__PROVIDED INFORMATION__.

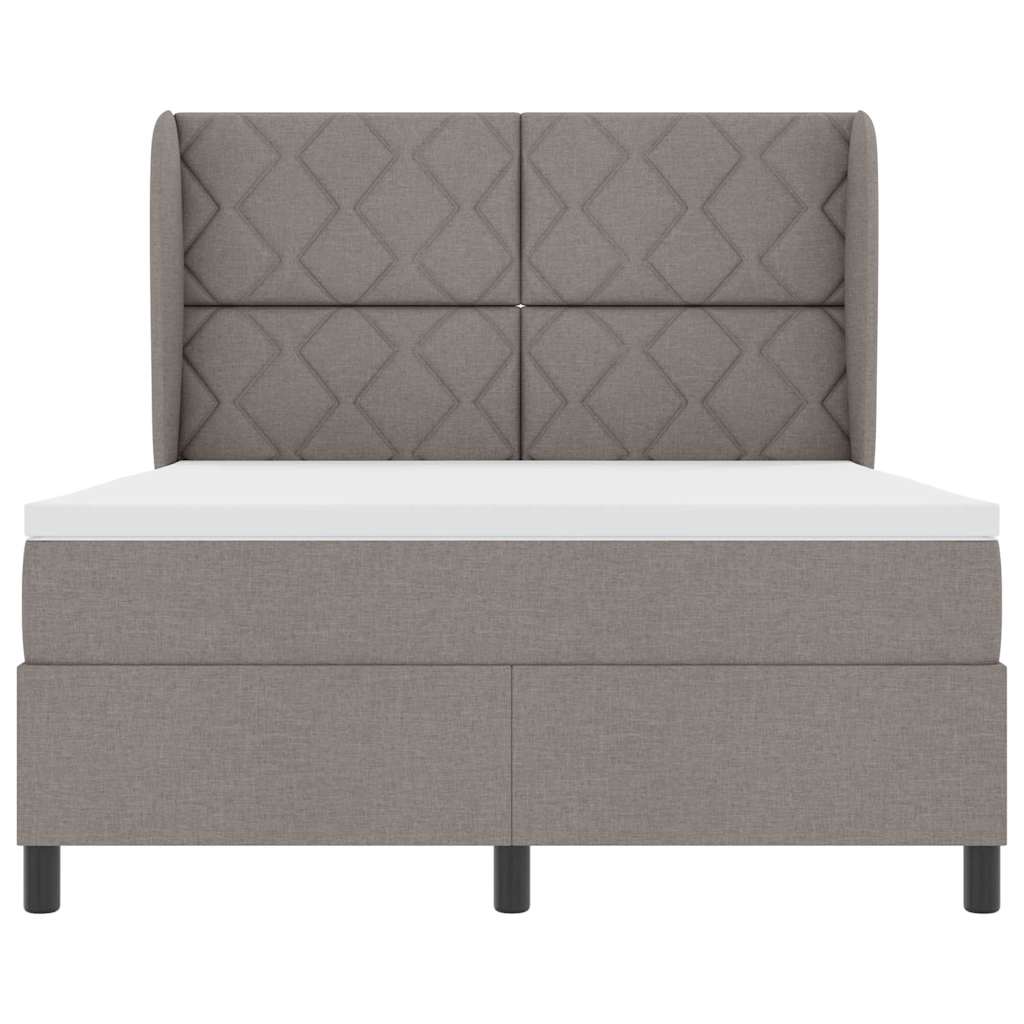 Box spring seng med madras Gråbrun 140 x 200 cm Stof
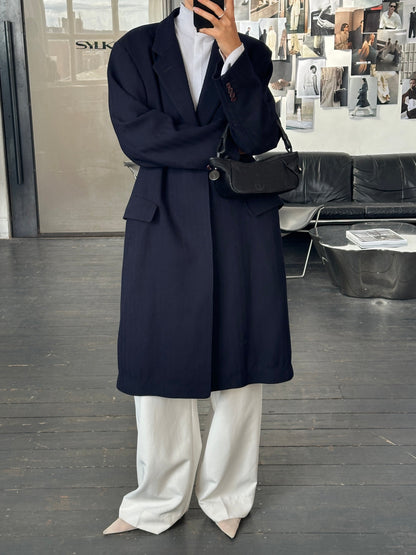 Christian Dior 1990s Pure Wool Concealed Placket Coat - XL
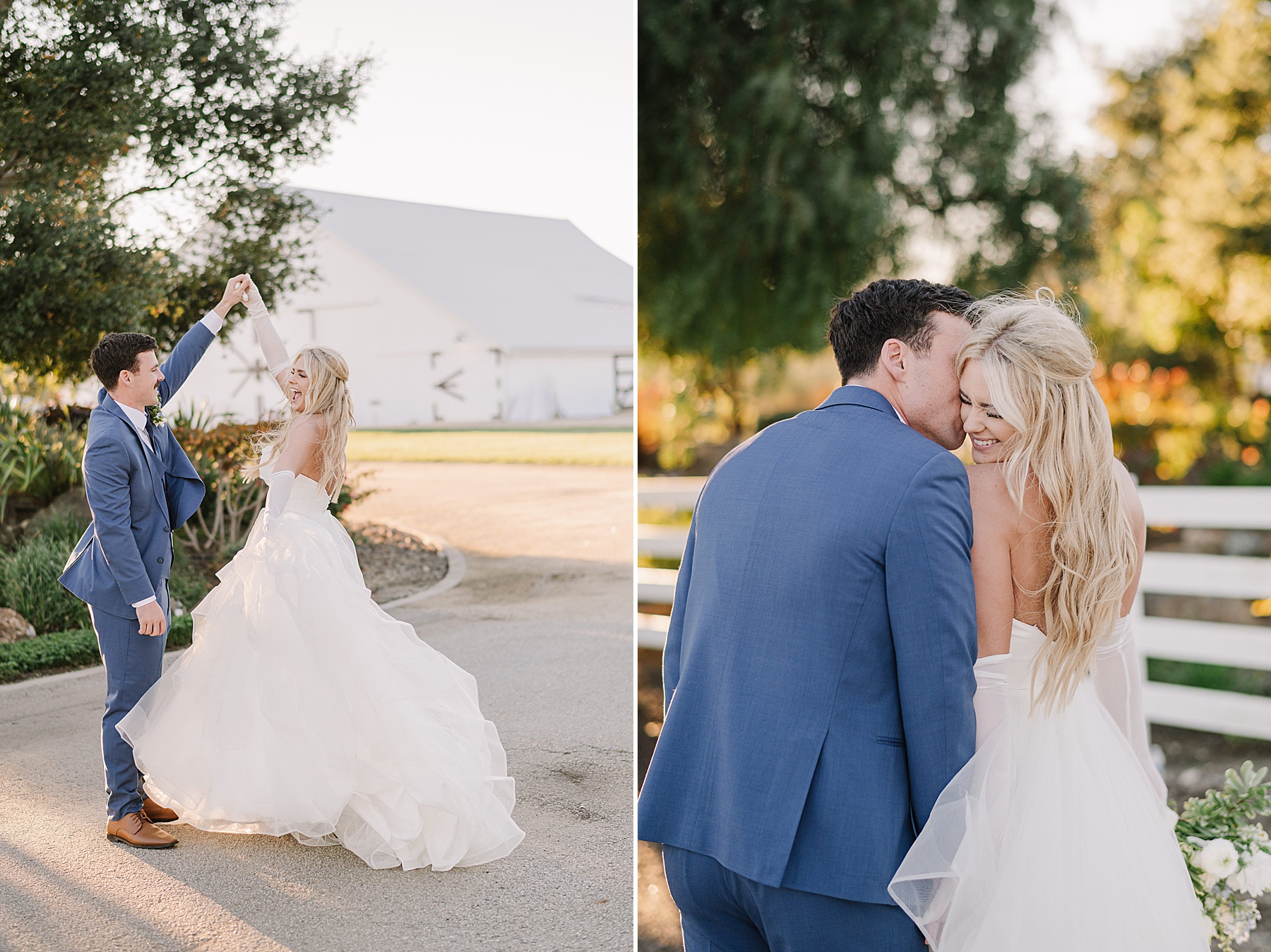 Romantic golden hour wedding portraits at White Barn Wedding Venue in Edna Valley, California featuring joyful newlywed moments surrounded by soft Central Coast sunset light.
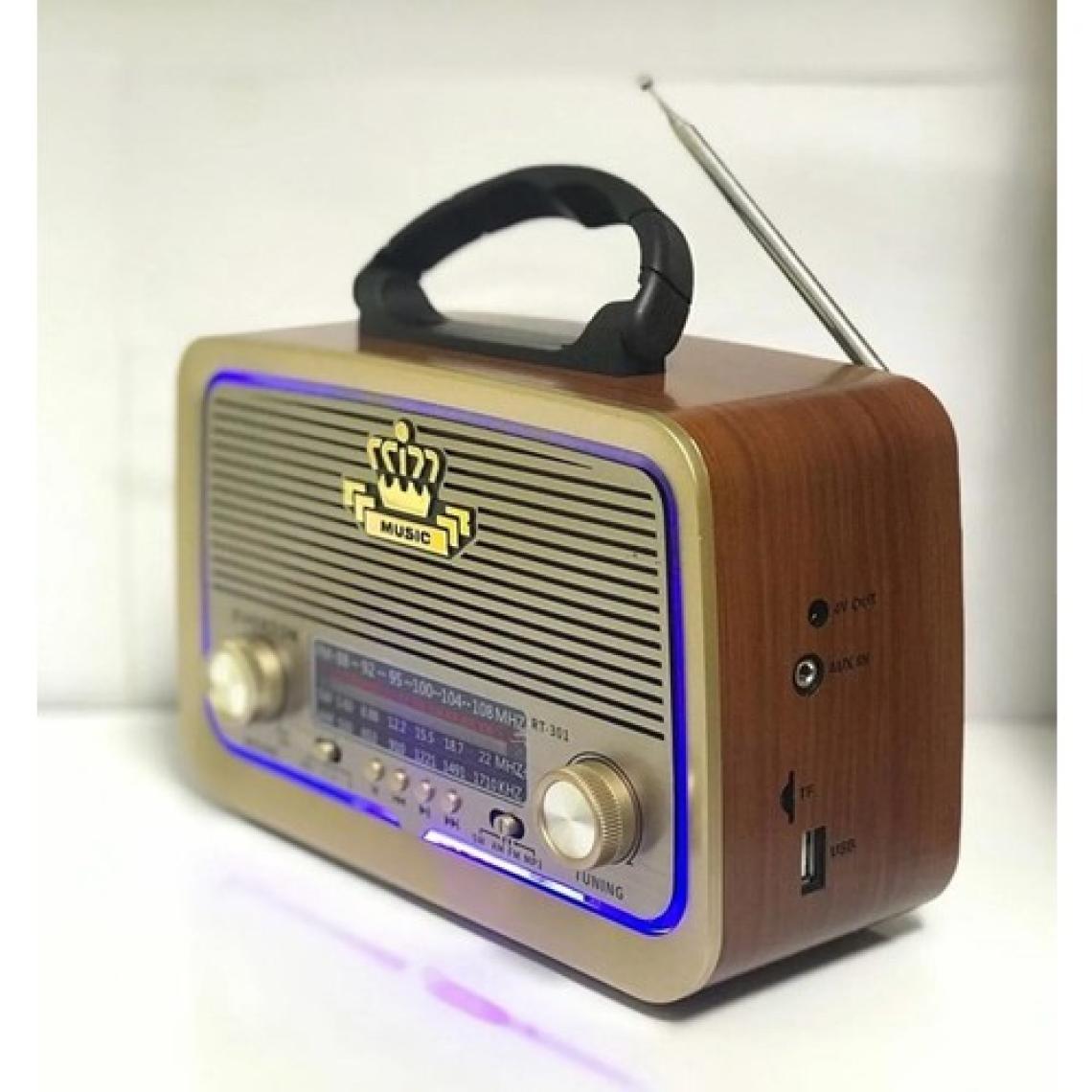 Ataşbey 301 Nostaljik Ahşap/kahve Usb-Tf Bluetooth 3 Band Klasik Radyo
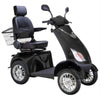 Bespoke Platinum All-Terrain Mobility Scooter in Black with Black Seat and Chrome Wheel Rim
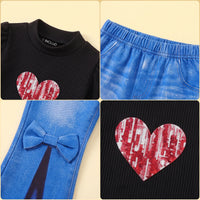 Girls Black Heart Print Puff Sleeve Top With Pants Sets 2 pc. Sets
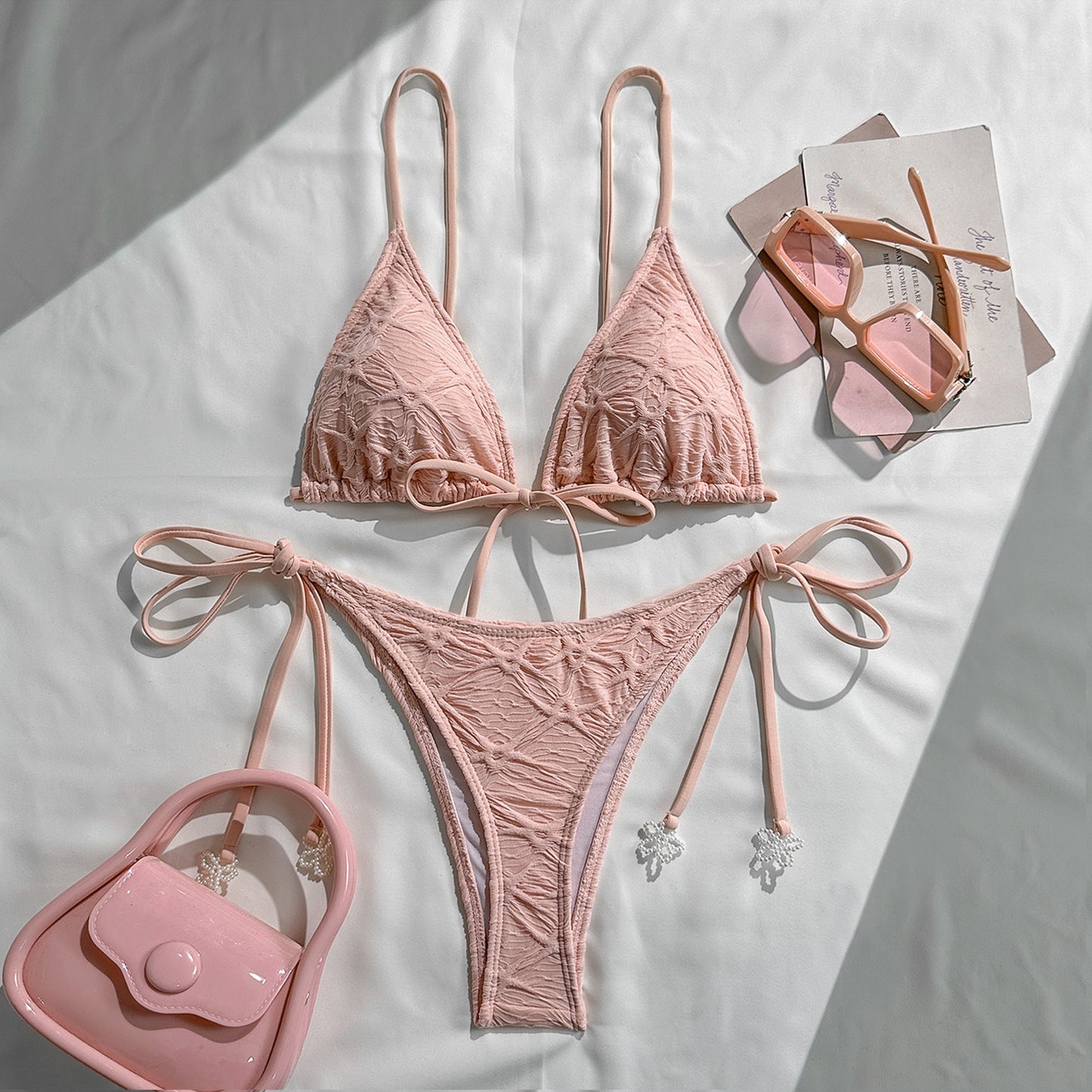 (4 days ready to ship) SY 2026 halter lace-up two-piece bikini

__DIRECTIONS FOR THIS TASK__.
From the first line of the entries above down to the line holding "Romantic golden hour", quote each line exactly and nothing else, skipping pictures.

__RESULT__.
 Box spring seng med madras Gråbrun 140 x 200 cm Stof
 Christian Dior 1990s Pure Wool Concealed Placket Coat - XL
 Romantic golden hour wedding portraits at White Barn Wedding Venue in Edna Valley, California featuring joyful newlywed moments surrounded by soft Central Coast sunset light.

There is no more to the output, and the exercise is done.